Qu’obtiendrez-vous ?
Un titre de séjour et de travail d’une durée d’un an, valable pour tout secteur et toute zone géographique. Dès l’admission de votre demande —dans un délai estimé à 15 jours—, vous pourrez travailler légalement. Pour vos enfants mineurs, le titre prévu est de cinq ans. À l’issue de la première année, le renouvellement devra s’effectuer par les voies ordinaires du Règlement sur l’immigration (Reglamento de Extranjería).
Quand ?
La date limite pour le dépôt des demandes est le 30 juin 2026. La date d’ouverture dépend de la publication du Décret royal au BOE. Selon différentes sources syndicales et du secteur migratoire, le texte n’a pas encore été transmis au Conseil d’État, ce qui rend probable le début du dépôt des demandes à la mi-avril. La fenêtre réelle pour agir sera d’à peine deux mois et demi.
Qui peut vous aider ?
Le gouvernement a créé un Registre des entités collaboratrices en matière d’immigration (Registro de Entidades Colaboradoras de Extranjería, publié au BOE le 5 mars 2026), permettant aux syndicats et ONG enregistrés d’accompagner les personnes dans leur démarche. Plusieurs organisations organisent déjà des réunions d’information dans toute l’Espagne.
Attention : des cas de fraude et d’exploitation ciblant les personnes migrantes sont déjà signalés, même avant le début du processus. Ne payez personne qui vous promet de « réserver une place ou un rendez-vous » et ne faites pas confiance à des informations non vérifiées.
Que faire dès maintenant ?
- Rassemblez tous les documents prouvant votre présence en Espagne avant le 1er janvier 2026. Classez-les par date dans un dossier.
- Assurez-vous d’être inscrit au registre municipal (empadronamiento). C’est gratuit et indépendant de votre situation administrative.
- Demandez le certificat de casier judiciaire de votre pays d’origine. Cela prend du temps et le document doit être apostillé et traduit. Si vous résidez en Espagne depuis plus de cinq ans et pouvez le prouver, l’avant-projet prévoit que vous pourriez en être dispensé.
- Ne quittez pas l’Espagne si vous pouvez l’éviter, tant qu’il n’est pas confirmé si la présence doit être « ininterrompue ».
- Si vous avez une demande d’arraigo en cours, ne vous en désistez pas. L’avant-projet indique que les demandes antérieures seront traitées selon la législation en vigueur.
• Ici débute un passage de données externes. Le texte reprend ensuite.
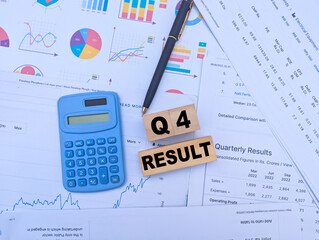   
q4 financial results analysis with charts, calculator, pen, and wooden blocks on business performance documents
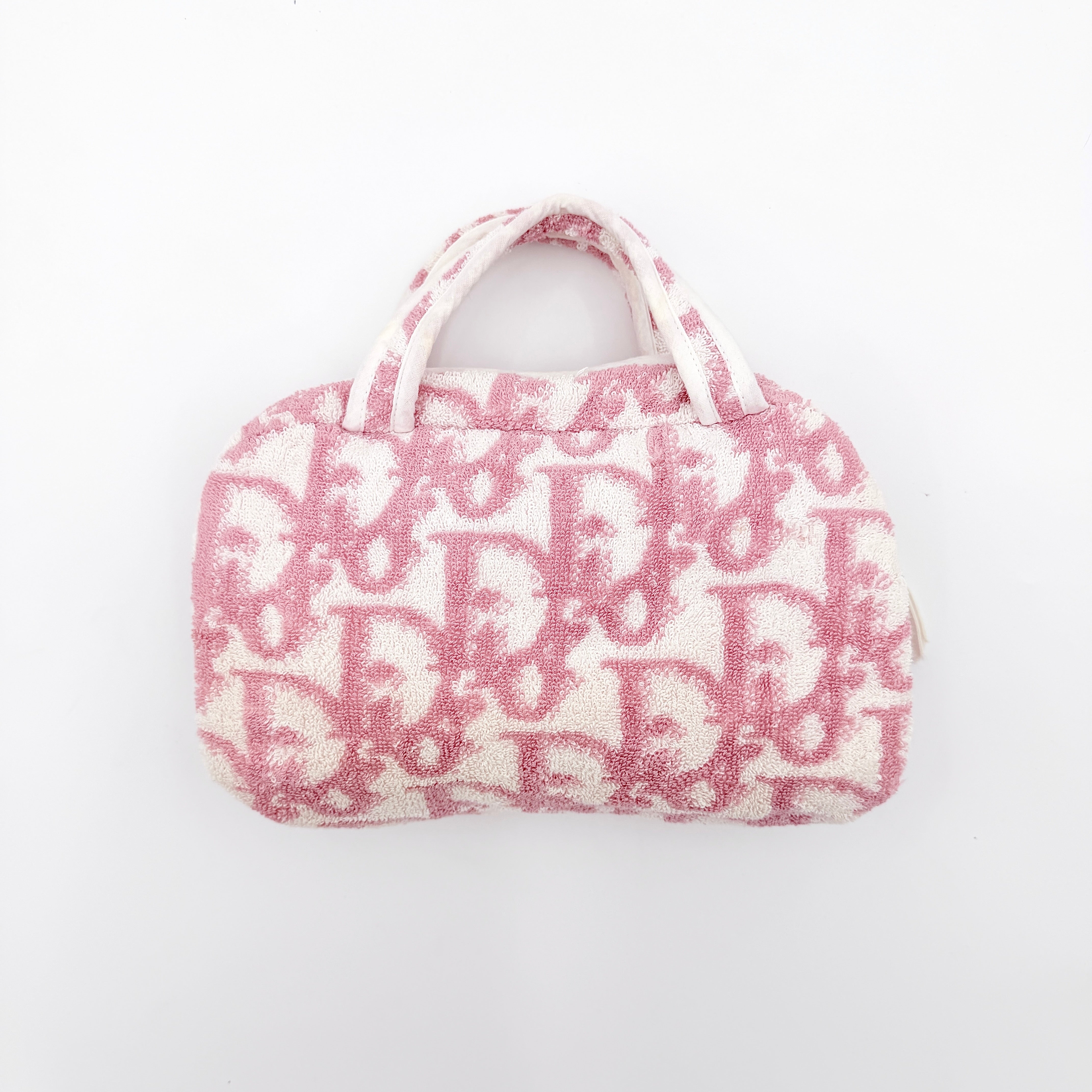Christian Dior pink and white Trotter terry cloth mini bag with top handles and zip closure, displayed on a white background.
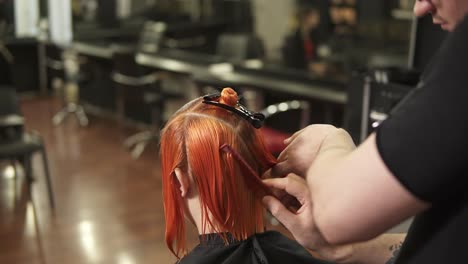 Young-woman-getting-her-hair-dressed-in-hair-salon.-Stylist-hairdresser-at-work.-Man-hairdresser-brushing-hair-in-beauty-salon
- Informez-vous uniquement auprès de sources fiables : le site du ministère de l’Inclusion (www.inclusion.gob.es), La Moncloa (www.lamoncloa.gob.es), et des organisations comme le CEAR (www.cear.es), la Croix-Rouge (www.cruzroja.es), Accem (www.accem.es) ou Red Acoge (www.redacoge.org). Plusieurs communautés autonomes et mairies proposent des services gratuits d’aide aux personnes migrées. Vous pouvez également vous adresser à des cabinets professionnels enregistrés (colegiados).
Ce que nous ne savons pas encore
- La date exacte d’ouverture de la période de dépôt des demandes.
- Si les trois voies d’accès (emploi, famille, vulnérabilité) seront maintenues telles quelles dans le texte définitif.
- Le formulaire et le canal de dépôt des demandes.
- Si l’exigence de présence « ininterrompue » sera maintenue ou assouplie.
En résumé
Cette régularisation représente une opportunité réelle, mais elle n’est pas automatique, elle ne concerne pas tout le monde, et le délai est très court. La meilleure façon d’en tirer parti est de vous préparer dès maintenant. Sur intercultural.info, nous continuerons à suivre le processus de près et nous vous expliquerons chaque étape dès qu’elle deviendra officielle.